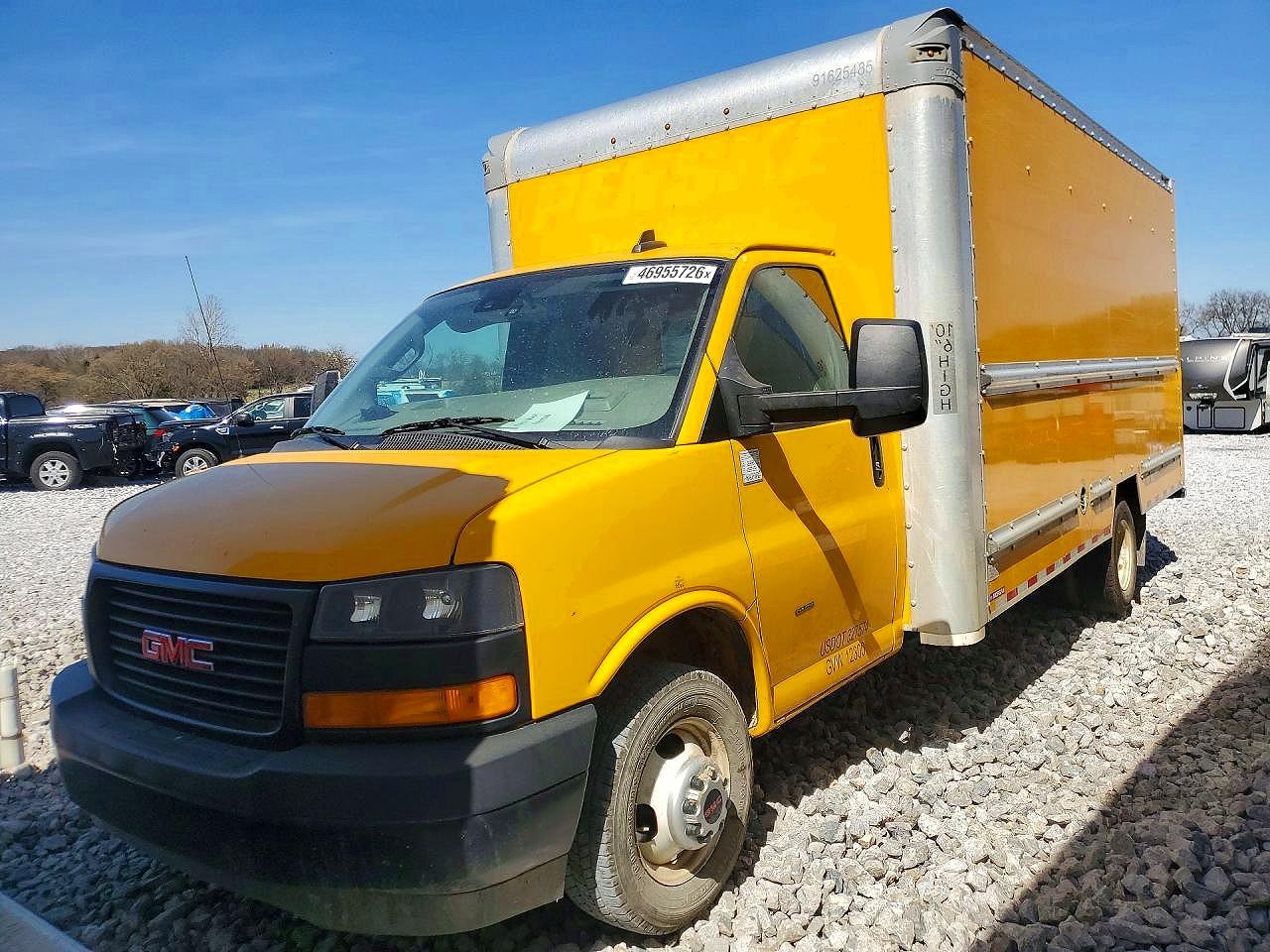 Salvage GMC Savana Image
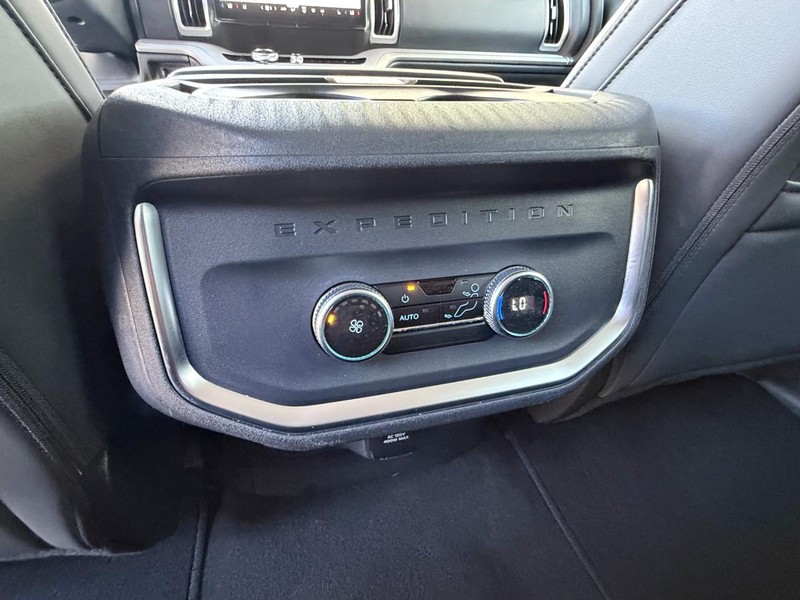 Ford Expedition Vehicle Full-screen Gallery Image 25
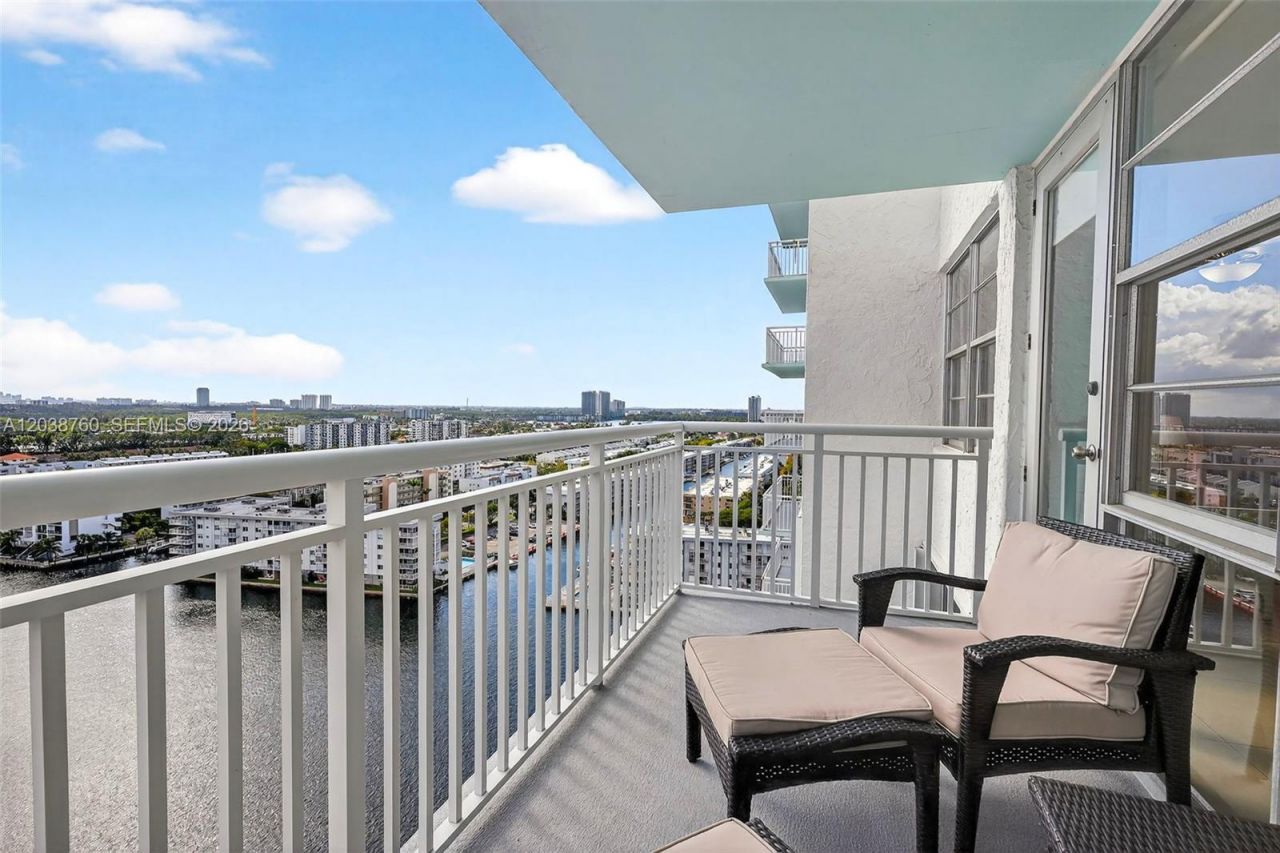 301 174th St, Unit 1905 + DEN, Sunny Isles Beach, FL 33160 Photo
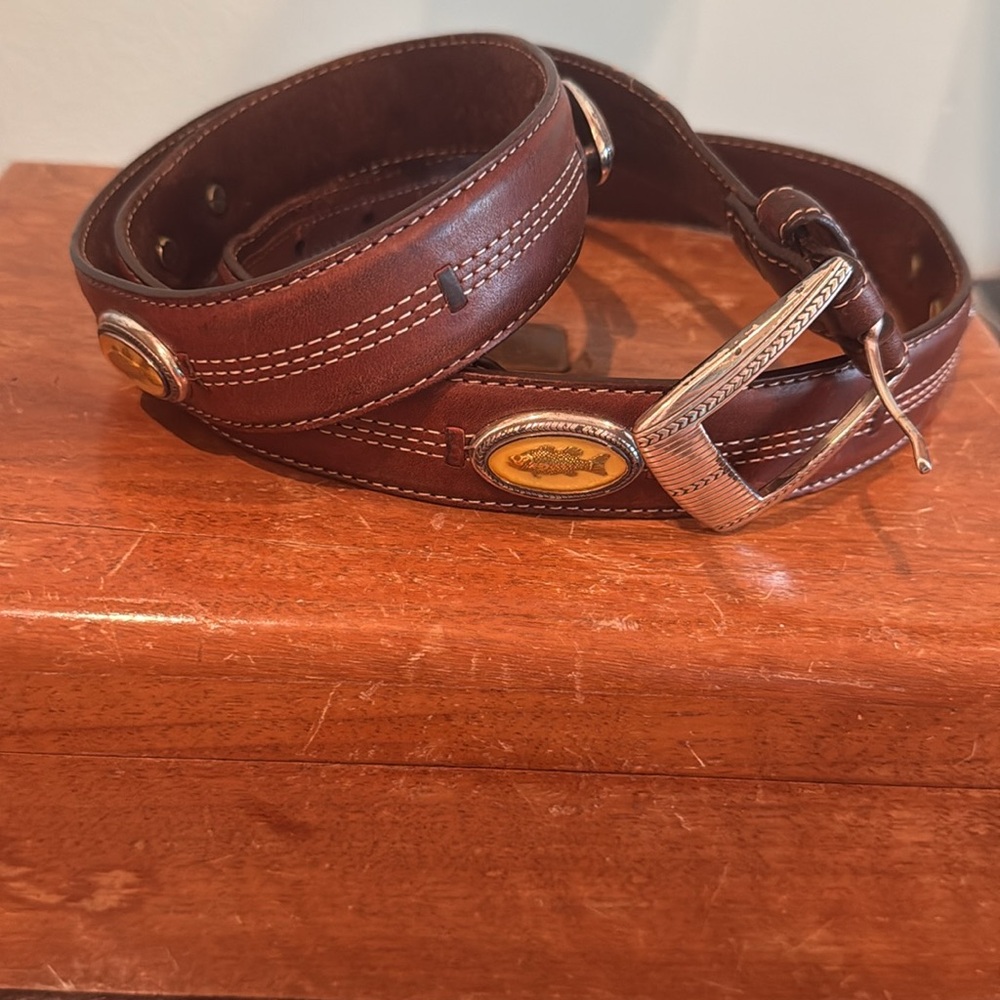 EUC Mens leather belt with fish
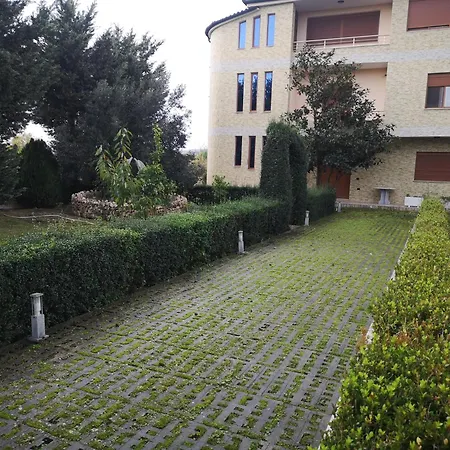 Apollonia Appartement *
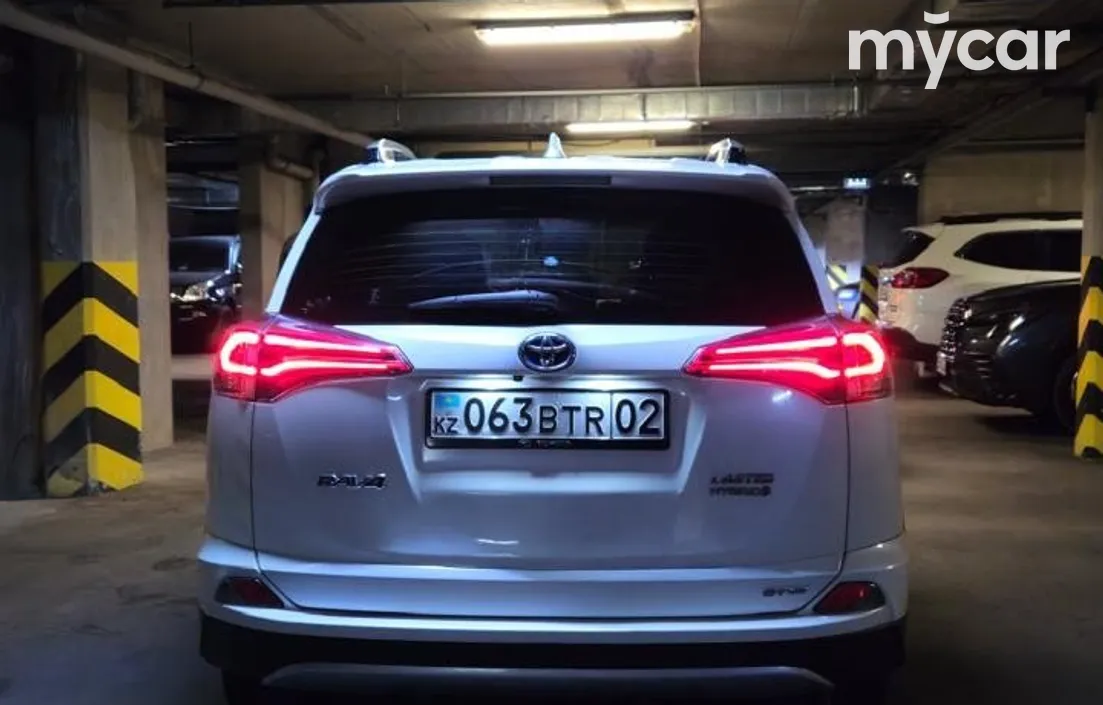 Toyota RAV4 2016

- - - -

Exercise → Make an exact copy of the listing. Do not carry over its pictures.

Answer box →
 Salvage GMC Savana Image
 Ford Expedition Vehicle Full-screen Gallery Image 25
 301 174th St, Unit 1905 + DEN, Sunny Isles Beach, FL 33160 Photo
 EUC Mens leather belt with fish
 Apollonia Appartement *
 Toyota RAV4 2016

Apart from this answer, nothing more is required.